We all know that if we eat more calories than we use, the excess will be stored on our body. That being said, most of us who are trying to rid ourselves of the excess use a method or strategy to limit our total calorie intake.
I've adopted the "intuitive" style of eating. I've mentioned the book Intuitive Eating which I encourage everyone to read regardless of your weight loss method. I think you'll find it can assist most any diet plan. I'd been counting calories and was having difficulty on some days staying in my generous calorie range because, well, I love to eat. Having a daily average calorie intake was a target to shoot for, but in and of itself, was not limiting. And, I found on my "less hungry" days, I was eating up to my allowance, even though I wasn't really hungry. Enter IE. Learning how to recognize real hunger and stopping when my stomach was full made me less dependent on discipline and will power because I was getting back in touch with my physical needs and trusting my body to assist me in my effort. All those years of overeating set me up to habitually overeat.
So, while I am no longer counting calories, I still measure calorie dense foods when I'm at home. One of the principals of IE is to make choices that promote health. (Some might get the idea that IE is all about just eating all the junk you want without limits. It most assuredly is not.) But even healthy foods can make you fat if overeaten.
Because it's calorie dense I limit myself to two slices of bacon. I can thoroughly enjoy the delicious salty crisp smokiness of it and still lose weight. And peanut butter--I love it, and though it is high in fat, it is a good fat. But it too is calorie dense, so I measure my portion of it.
But, and here is the point of this post, measures must be accurate to be of any benefit. All too often I've found sizable discrepancies when switching form volume to weight measurements.
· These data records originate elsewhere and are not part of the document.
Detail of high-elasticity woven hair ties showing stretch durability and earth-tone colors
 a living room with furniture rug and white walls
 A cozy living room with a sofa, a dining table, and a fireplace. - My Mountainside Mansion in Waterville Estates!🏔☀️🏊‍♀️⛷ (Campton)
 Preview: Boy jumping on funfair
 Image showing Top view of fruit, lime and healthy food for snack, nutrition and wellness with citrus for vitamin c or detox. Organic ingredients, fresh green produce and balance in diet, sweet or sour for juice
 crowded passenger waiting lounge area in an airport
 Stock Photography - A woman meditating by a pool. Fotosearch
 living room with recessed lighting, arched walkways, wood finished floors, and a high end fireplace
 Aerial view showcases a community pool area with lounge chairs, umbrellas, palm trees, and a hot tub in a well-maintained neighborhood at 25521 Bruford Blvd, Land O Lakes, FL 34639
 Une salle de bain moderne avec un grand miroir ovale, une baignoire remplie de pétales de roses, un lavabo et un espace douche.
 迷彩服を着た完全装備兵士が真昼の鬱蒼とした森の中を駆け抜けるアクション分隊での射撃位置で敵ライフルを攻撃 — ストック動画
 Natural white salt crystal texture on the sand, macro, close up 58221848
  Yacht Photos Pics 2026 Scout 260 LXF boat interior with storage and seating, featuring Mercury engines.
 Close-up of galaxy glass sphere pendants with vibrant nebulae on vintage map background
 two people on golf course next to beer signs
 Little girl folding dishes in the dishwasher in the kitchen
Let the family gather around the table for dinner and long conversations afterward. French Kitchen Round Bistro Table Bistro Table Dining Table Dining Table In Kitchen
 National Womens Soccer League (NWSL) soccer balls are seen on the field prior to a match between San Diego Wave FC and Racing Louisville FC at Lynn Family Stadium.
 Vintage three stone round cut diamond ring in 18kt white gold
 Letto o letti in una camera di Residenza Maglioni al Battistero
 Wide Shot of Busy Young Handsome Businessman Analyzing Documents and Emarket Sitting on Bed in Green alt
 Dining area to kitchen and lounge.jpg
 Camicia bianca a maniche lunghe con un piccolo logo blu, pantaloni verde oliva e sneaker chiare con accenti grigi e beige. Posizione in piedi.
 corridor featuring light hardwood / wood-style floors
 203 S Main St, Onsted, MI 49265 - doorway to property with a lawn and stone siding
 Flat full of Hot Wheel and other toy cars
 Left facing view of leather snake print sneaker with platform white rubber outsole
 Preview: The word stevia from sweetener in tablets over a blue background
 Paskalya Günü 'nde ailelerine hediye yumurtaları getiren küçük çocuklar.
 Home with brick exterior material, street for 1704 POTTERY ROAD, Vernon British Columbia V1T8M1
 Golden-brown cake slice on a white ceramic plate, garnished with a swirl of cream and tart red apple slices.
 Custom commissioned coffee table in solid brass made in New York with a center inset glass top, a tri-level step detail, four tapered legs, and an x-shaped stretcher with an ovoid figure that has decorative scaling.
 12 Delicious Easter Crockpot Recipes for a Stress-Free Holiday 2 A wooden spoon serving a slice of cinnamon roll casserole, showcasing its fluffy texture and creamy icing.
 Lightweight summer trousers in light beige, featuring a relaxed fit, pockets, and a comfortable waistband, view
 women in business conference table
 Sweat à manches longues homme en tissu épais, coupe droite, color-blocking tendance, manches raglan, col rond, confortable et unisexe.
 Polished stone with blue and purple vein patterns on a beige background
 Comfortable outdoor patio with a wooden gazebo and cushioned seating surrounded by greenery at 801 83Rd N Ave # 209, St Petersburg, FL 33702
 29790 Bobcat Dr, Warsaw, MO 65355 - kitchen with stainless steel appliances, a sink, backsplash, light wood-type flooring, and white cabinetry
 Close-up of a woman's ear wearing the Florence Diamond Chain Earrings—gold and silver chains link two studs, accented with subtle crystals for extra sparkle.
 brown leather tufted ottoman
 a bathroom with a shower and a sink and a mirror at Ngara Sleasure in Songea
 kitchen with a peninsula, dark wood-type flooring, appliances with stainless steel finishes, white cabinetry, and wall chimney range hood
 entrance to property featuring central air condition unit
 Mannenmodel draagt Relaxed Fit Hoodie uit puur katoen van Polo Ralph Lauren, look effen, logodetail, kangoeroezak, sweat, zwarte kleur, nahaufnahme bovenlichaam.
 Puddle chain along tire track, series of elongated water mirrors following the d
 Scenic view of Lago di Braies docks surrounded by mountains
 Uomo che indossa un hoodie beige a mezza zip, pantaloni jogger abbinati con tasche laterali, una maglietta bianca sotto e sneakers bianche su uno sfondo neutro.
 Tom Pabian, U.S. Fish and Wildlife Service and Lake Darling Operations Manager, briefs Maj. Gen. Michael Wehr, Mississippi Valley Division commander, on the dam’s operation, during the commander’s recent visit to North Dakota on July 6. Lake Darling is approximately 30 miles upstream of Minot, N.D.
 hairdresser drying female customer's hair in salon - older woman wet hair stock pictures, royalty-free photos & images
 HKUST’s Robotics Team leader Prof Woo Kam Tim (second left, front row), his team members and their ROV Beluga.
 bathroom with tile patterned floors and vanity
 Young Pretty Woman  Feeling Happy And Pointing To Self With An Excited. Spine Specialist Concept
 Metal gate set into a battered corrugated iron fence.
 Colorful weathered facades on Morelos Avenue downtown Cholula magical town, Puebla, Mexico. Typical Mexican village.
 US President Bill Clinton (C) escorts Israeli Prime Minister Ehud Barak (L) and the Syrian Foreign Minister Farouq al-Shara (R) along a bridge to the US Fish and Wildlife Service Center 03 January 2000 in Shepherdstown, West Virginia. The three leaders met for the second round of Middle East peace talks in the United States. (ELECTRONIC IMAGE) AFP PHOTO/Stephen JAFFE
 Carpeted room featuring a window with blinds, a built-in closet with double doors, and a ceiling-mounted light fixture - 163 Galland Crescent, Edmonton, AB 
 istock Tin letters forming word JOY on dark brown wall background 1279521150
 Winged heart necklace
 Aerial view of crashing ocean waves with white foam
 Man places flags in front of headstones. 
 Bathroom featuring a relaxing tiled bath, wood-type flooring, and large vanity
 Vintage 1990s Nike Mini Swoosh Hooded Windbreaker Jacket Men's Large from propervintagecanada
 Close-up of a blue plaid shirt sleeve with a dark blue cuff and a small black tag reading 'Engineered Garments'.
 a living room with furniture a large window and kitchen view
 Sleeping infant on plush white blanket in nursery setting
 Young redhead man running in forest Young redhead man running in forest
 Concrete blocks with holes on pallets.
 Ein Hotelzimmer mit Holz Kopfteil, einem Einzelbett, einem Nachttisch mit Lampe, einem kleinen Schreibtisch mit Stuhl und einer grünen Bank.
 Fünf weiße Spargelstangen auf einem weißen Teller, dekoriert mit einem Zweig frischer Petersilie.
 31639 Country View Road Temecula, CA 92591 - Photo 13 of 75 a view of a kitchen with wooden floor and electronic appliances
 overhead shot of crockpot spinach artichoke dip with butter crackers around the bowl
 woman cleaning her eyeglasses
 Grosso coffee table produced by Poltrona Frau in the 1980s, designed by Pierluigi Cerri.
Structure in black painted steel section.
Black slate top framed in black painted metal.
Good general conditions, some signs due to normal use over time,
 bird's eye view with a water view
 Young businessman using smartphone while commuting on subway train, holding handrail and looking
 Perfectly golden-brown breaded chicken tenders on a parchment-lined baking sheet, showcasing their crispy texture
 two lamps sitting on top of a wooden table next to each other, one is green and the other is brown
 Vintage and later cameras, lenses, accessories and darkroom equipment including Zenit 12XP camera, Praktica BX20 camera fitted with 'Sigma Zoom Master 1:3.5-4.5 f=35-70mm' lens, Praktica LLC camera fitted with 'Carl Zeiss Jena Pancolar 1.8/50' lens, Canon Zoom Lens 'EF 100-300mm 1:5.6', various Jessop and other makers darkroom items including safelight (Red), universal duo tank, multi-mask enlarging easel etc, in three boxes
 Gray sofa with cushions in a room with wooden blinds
That's why I'm referring you to this video: Eye Opening" Fat Loss Secret" Video . (Scroll down--the video is toward the end of the blog post.)
Several years ago I purchased a digital scale and have found it indispensable in the kitchen. Whether I'm baking or measuring a portion of potato chips, peanut butter, cereal and the like, it saves time, saves using multiple measuring utensils, and I can rest assured that the portion I've measured will be the number of calories I desire to intake of a particular food.
I purchased my digital food scale at Wal-mart a couple years ago--it cost around $20.00. I've seen them at Bed, Bath and Beyond too. Be sure to get one that measures grams as well as ounces. One that can "subtract" is nice too, though mine doesn't have that feature.
The scale is especially handy when baking...you can measure your food right in the mixing bowl (you "zero it out" the previous amount, then add the next ingredient)--no measuring cups to wash up. I find it indispensable in the kitchen.